*** Opening Supplied data ***

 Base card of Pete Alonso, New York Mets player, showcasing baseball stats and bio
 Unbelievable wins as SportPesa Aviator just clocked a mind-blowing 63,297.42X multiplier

*** Closing Supplied data ***
*** Opening Supplied data ***

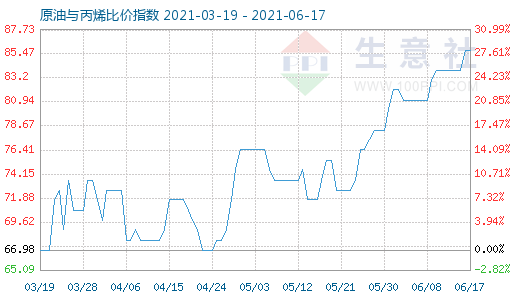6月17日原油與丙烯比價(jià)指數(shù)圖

*** Closing Supplied data ***

● **Task to complete**
Among the entries above, the line containing "Base card of", the line containing "Unbelievable wins as", and all lines between them are to be restated word for word; nothing else belongs in the reply.

● **Answer to this task**
 Base card of Pete Alonso, New York Mets player, showcasing baseball stats and bio
 Unbelievable wins as SportPesa Aviator just clocked a mind-blowing 63,297.42X multiplier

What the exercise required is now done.